Да это и был камень, брошенный оттуда. Да, есть выходцы оттуда — есть одухотворенные не этим продолжением человеческого рода и размножением, как песок земной, есть рождающиеся для исполнения другого завета, и их назначение пройти по земле не сеятелями жизни, а обновителями жизни — грозной рушащейся молнией или чистейшими светильниками нездешнего света; ведь человек рожден не только для земли, но и для неба, ведь только одна черная, теплая земля задушит или ослепит — вспомните, какие преступления совершаются на этой розмази или, как в хрониках говорится, «из-за женщины». Земля не только теплая, а и сладкая. «Корень жизни» — приторный. И его приторность чуется.

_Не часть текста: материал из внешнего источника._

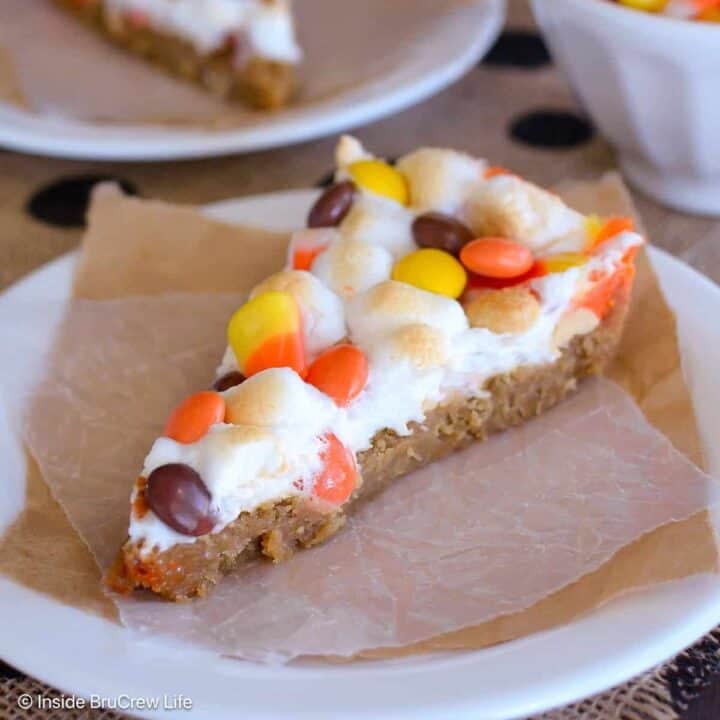 A slice of candy corn cookie pizza on a white plate.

Савинков был нормальнейшим человеком, нормально устроенным, весь высеченным из камня, не ублюдок, не недоросток, он мог бы и безо всяких трусиков появиться перед публикой и не «оскорбил» бы и самый чувствительный глаз — движущаяся каменная статуя. Явление редчайшее. «Розановское» начало жизни беспокоит, и невольно глаза осматриваются и влажнеют, и этого никак не скроешь. Но кто видел прищуренные глаза Савинкова, устремленные непреклонно, как раз и навсегда зажженный свет, чтобы освещать ему эту и никакую другую дорогу, которую он должен и не может не пройти, потому что он и вышел идти по ней, и непременно пройдет до конца, — кто видел эти глаза, тому ясно, что ни о чем беспокоящем вне «дела» не может быть речи.